What crayons look like on CT and MR images

By Staff News Brief

Some young children find crayons irresistible to chew on and, with concomitant trauma, crayons may become penetrating foreign bodies. Do radiologists know what they look like on imaging if ingested? A recently published article in Pediatric Radiology describes the appearance of crayons on CT and MR images.

(A) MRI images of a yellow Crayola crayon. From left to right: T2, T1, and susceptibility weighted images. (B) CT images of green crayons. From right to left: Cray-Z-Art, Crayola, C3. Note the central air tract, best visualized in the Crayola crayon on the displayed soft tissue window. (C) Broken crayons demonstrating central air tract (arrow) corresponding to airtract noted on CT.

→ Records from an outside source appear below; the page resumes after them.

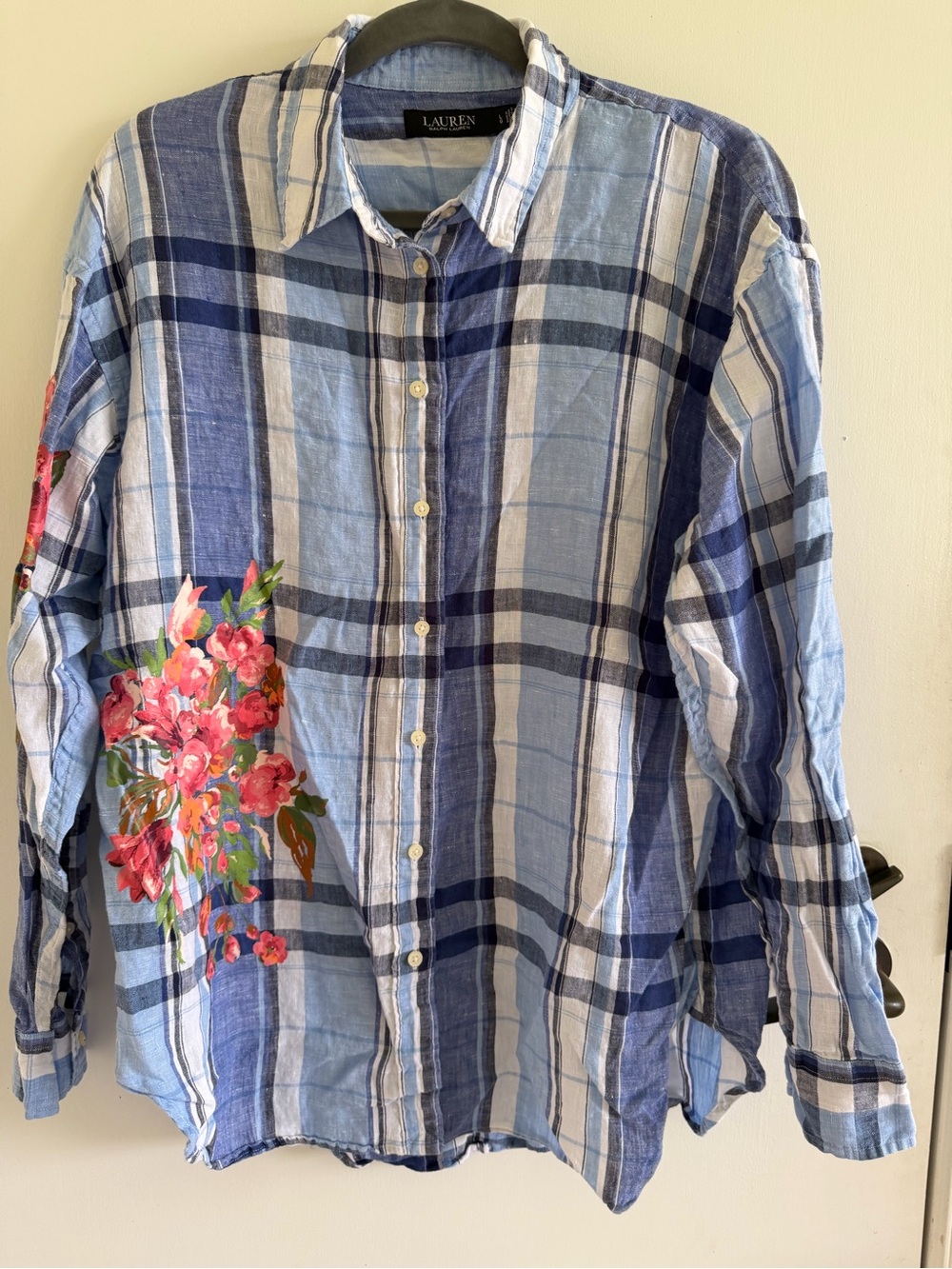 Ralph Lauren black label plaid floral button up shirt linen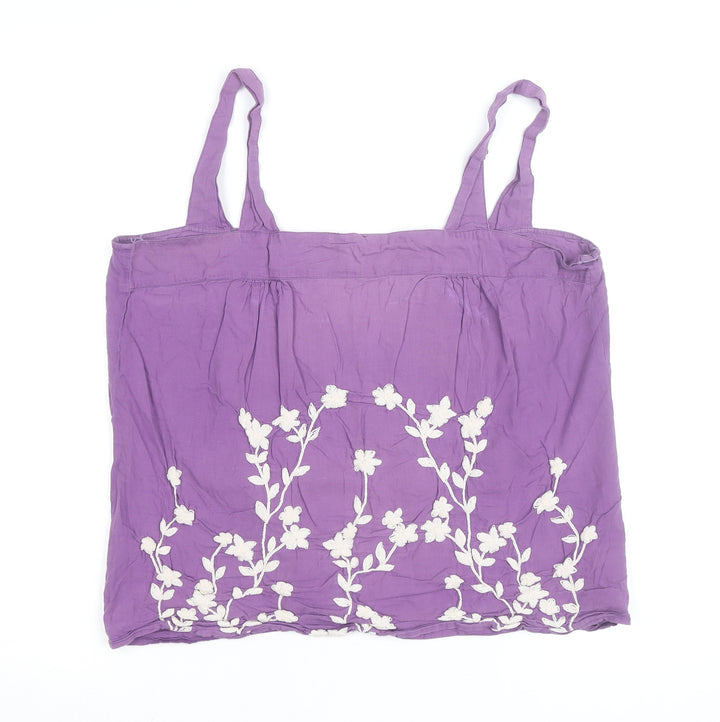 Wallis Women Purple Floral Embroidered Cotton Camisole Top Size 12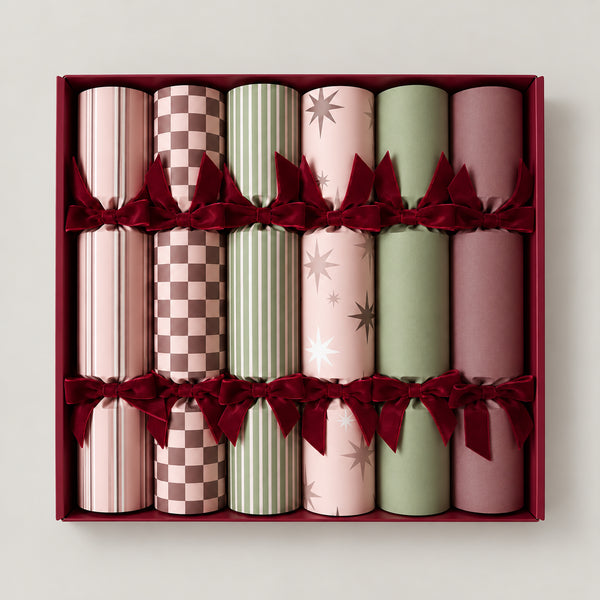 norsu STUDIO Christmas Crackers, Green/Blush/Burgundy – Set of 6
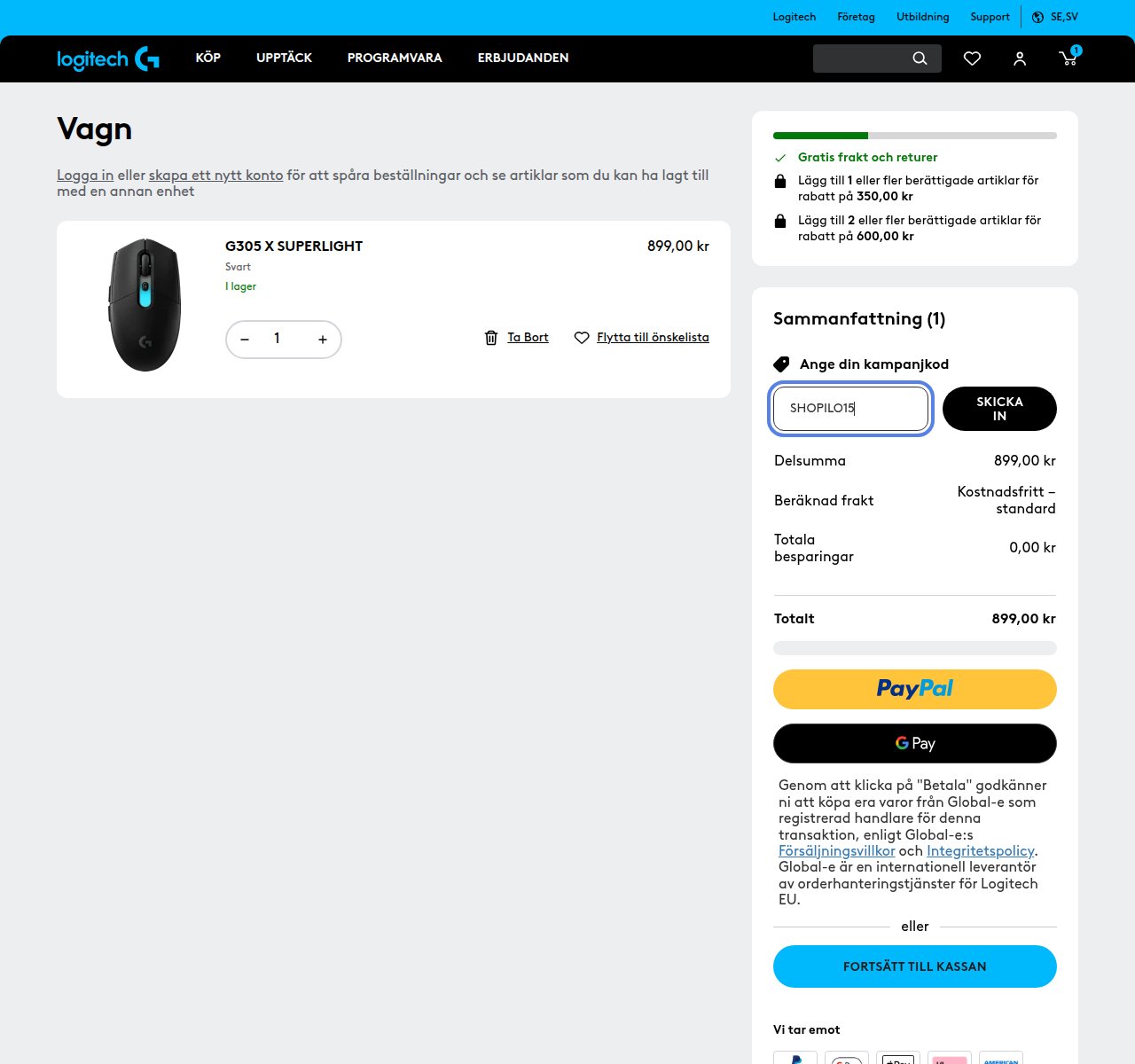 Var du anger rabattkoden på Logitech Gs webbplats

Researchers from Cincinnati Children’s Hospital investigated the appearance of 22 crayons of different colors from three manufacturers. The radiologists characterized the imaging appearance of crayons after unexpectedly discovering that a crayon fragment was the source of a foreign body inflammatory process in the masticator space of a 15-month old child.

Lead author Aaron S. McAllister, MD, wrote that the 3-cm crayon fragment had three characteristics that surprised the interpreting radiologist. On CT, it contained an unexpected central linear tract of hypo-attenuation and was higher in attenuation than expected for a wax object. On MRI, a signal void was seen on both T1 and T2 images, with blooming on susceptibility weighted images.

The 22 commercial crayons, as well as three additional hand-cost non-pigmented paraffin crayons with and without wrappers were suspended in a water bath and imaged. All had a central longitudinal hypo-attenuating tract with attenuation values consistent with gas, but the “gas tract” varied in prominence by brand.

Crayon attenuation on CT varied by brand and color, based on the different formulations used in their manufacturers to make them.The authors explained that fillers and pigments are known to affect imaging characteristics. Pigments add color to a crayon and fillers enable crayons to lay down an even layer of wax, write smoothly, and last longer.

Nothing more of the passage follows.